Some of TeX's ideas have been incorporated into Adobe's Indesign (for example), and those typesetting engines too have some innovative ideas, but TeX still remains superior. [Note: Knuth didn't intend TeX to be the standard forever, only "for the next 100 years or so" until something better comes along. For all we know, one might.]

There are TeX-based alternatives to LaTeX, such as ConTeXt and LuaTeX. It is possible that there are tasks for which they are better suited.

To answer your other objections: Although LaTeX has possibly introduced more complexity than is necessary, the TeX part of the learning is unavoidable -- if you want to create beautiful books there are some things you have to know, no matter what. And it is not hard to control position of images; TeX was designed to give you control over every point on the page, but to exercise that control you may have to go beyond the simple constructs (although I've never had to...) And if you use a good editor or macros, you won't have to type too much \begin{itemize} ... \end{itemize}; that's just a lame complaint :P


The short answer is 'No' as LaTeX is the incumbent and quite good at its job. It's also free, so there is relatively little commercial incentive to attempt to replace it. In fact, TeX is sufficiently good at technical publishing that the commercial market for technical publishing tools is rather squeezed between TeX at the 'geek' end and word at the 'great unwashed' end.

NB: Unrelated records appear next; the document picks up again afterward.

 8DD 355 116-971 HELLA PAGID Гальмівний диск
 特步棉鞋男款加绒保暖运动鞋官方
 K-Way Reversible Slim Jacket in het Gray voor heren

The longer answer is 'There are alternatives'. LaTeX and other packages suffer heavily from leaky abstraction issues and often require technical intervention to get what you want out of it. This puts you in the business of understanding how it works behind the scenes, which is actually fairly technical. Thus, you can only really use it for non-casual applications if you have access to someone with that level of technical skill. Writing a report or book is fine. Building a single-source technical documentation workflow with LaTeX is quite a different proposition - you will need access to someone with a technical skill base.

Alternatives to LaTeX

  • Commercial technical publication tools. There is really only one left standing: Framemaker. This is a mature product but somewhat stagnant. However, it does have an open document and segment interchange format called MIF, a comprehensive API and extensive support for structured documentation. It's quite widely used in aerospace circles (for example) where reference documents for aircraft run to tens of thousands of pages. Additionally, there are several also-rans in this space: Ventura Publisher, Arbortext (which is based on a TeX derived back-end IIRC), and Interleaf, which is now known as Quicksilver.
    Adobe claim to be implementing technical publishing functionality in InDesign but I have not really evaluated its capabilities for this.

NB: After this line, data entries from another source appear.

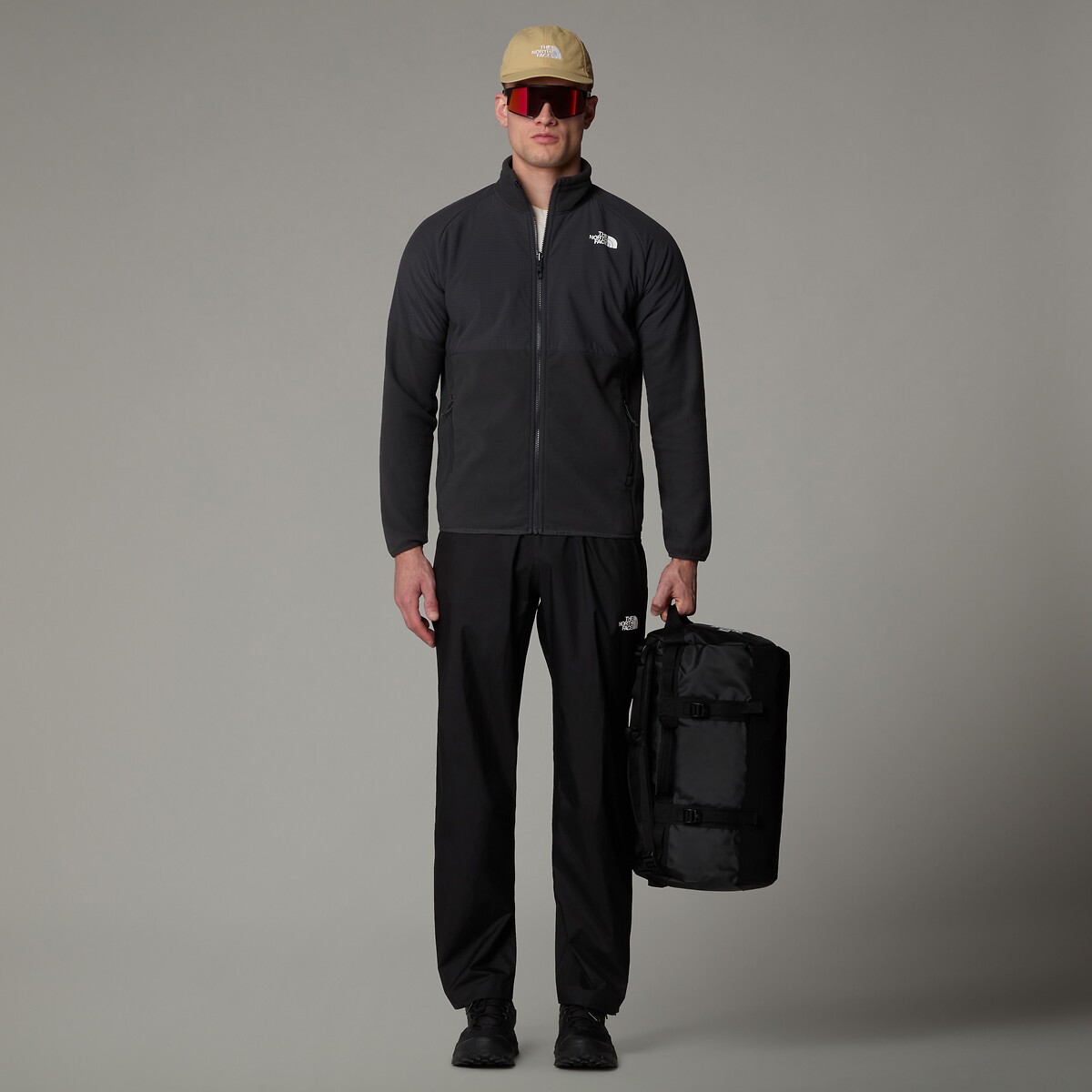 Veste polaire zippée noir, THE NORTH FACE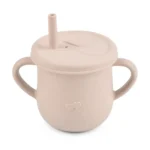 Kids Cup Silicone Food Storage Box Solid Color Baby Sippy Cup Portable Children Snacks Container with Lid Scale BPA Free 200ml - Image 15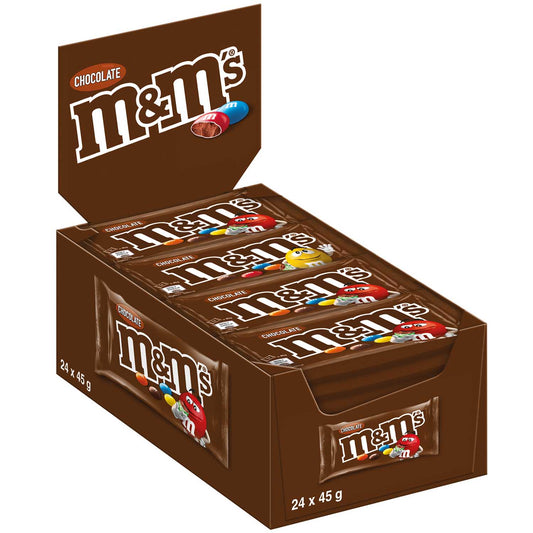 M&M'S Chocolate 24x45g MHD: 13.10.24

  • Lout A markup language with a completely different underlying architecture to TeX. I've never worked with Lout but I believe that it is somewhat easier to work on behind the scenes than TeX.

  • Troff/Groff. Originally designed for technical documentation within AT&T during the 1970s (actually a spinoff of the UNIX R&D work), it's still quite widely used for this today. For quite a long time most if not all O'Reilly books were typeset using it.

  • DocBook. This is an XML tag based format for structure documentation, and tends to work by rendering through foreign engines. I've never used DocBook, so I can't really comment on its usage in practice.

  • Wordperfect. This is a venerable word processing system that is considerably better at documentation-in-the-large than MS-Word. Although viewed as something of an also-ran it retains several niche markets such as law offices and is reasonably good (at least significantly better than Word) for large, complex and heavily cross-referenced documents.

  • Microsoft Word. Not recommended for serious technical publication tasks due to its instability on complex documents. However, as often as not it is the only choice due to political constraints. Indexing is especially painful.

EDIT: See this Stackoverflow post for a more in-depth rundown on Framemaker and other technical documentation tools. It's an answer to a question about technical documentation tools for someone who specifically didn't want to use a markup language based system.


Have you had a look at ConTeXt? It's a set of macros for TeX that can be used instead of LaTeX.

I haven't used it myself but the syntax in the example documents looks simpler than LaTeX in a number of cases.


I have already published five books typeset in ConTeXt four of which were museum catalogues with high-quality colour illustrations. It is definitely production ready.


TeX is actually a fairly special purpose typsetting system. It does what it does well, but there isn't a large enough need for something better. "When he designed TeX, Donald Knuth did not believe that a single typesetting system would fit everyone's needs" (wikipedia)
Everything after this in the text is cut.